Photo by liubomir (Shutterstock).
Stupid Thing #1: You Confuse Heightened Emotions for Physical Attraction
When you feel love, attraction, fear, sadness, or any other emotion, your brain likes to come up with an explanation to make sense of the feeling. The problem is, that explanation is often wrong because you try to match the feeling to the closest explanation possible. If you're standing on the edge of a mountain and afraid you could fall and die, a beautiful man or woman standing beside you could cause you to mistake that anxiety for sexual attraction. This misattribution happens frequently in various stressful situations.David McRaney, of the blog You Are Not So Smart, points to a study by psychologists Art Aron and Donald Dutton that put men in a room and scared them into believing they'd receive a mild or painful shock. While they fearfully waiting to be electrocuted, they'd meet an attractive subject and be asked afterwards to fill out a questionnaire rating their anxiety and attraction to the subject. Here's what happened:
The men who expected a terrible, painful future rated their anxiety and their attraction to the ladies as significantly higher than those expecting mild tingles. When it came to those narratives explaining the pictures, once again the more anxious the men, the more sexual imagery they produced.In the real world, you're constantly waiting to be shocked, but you do occasionally feel anxiety, excitement, and other heart-pounding emotions. You run the same risk as the test subjects of attributing your state of arousal to the most convenient explanation. This can cause you to feel attraction to someone you wouldn't otherwise find compelling, which can be problematic whether or not you're in a relationship already.
Aron and Dutton showed when you feel aroused, you naturally look for context, an explanation as to why you feel so alive. This search for meaning happens automatically and unconsciously, and whatever answer you come up with is rarely questioned because you don't realize you are asking.
The easiest way to combat this problem is to consider why you're feeling aroused rather than automatically accepting the conclusion that pops into your head. We make a lot of mistakes because we assume what we think and feel is accurate without questioning, so challenge these assumptions to avoid stupid mistakes.
(To learn more about the misattribution of arousal, ready McRaney's full article.)

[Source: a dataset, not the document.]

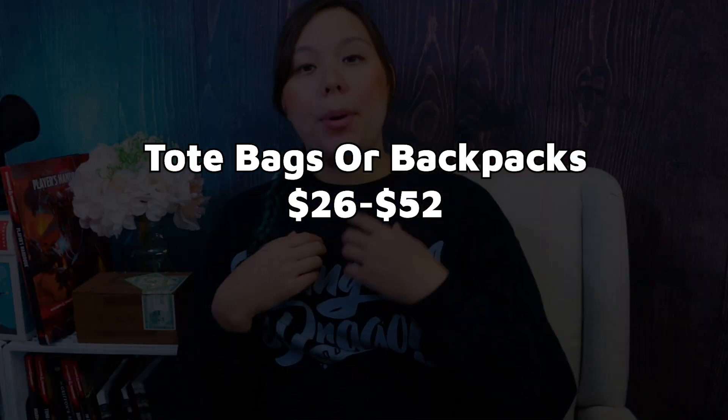A D&D tote bag — I actually sell some for $26 and backpacks for a little bit more, like $50 something. But if you're not into tote bags or you think they want even more space, there are some other cool bags on Amazon which I'll link below. One has the option of looking like dragon scales, which is pretty cool but more expensive at the $150 mark as opposed to $99. It includes a space for dice, minis, books, pens — whatever you want can go in this bag.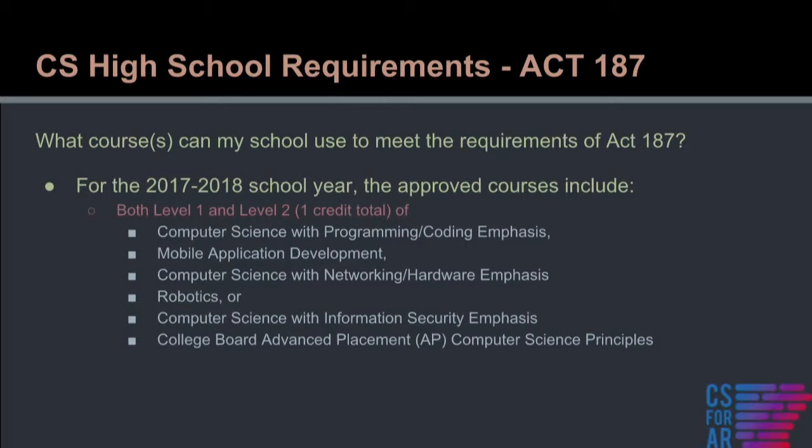To meet Act 187 beginning this school year, a school must offer level one and level two — each level is a semester — of: Computer Science with Programming/Coding Emphasis, Mobile Application Development, Computer Science with Networking/Hardware Emphasis, Robotics, Computer Science with Information Security Emphasis, or College Board AP Computer Science Principles.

Stupid Thing #2: Wearing Cologne, Perfume, and Body Sprays Inhibit Others from Finding You Attractive
While the jury is still out on the exact role scent plays in sexual attraction, studies are beginning to find that covering up our natural scent may be detrimental. While we don't want to go around wafting oxidized sweat from our armpits, diet and exercise plus good hygiene can be more than enough to help us maintain a scent that's actually more attractive to prospective mates than the ones we pay so much for in stores.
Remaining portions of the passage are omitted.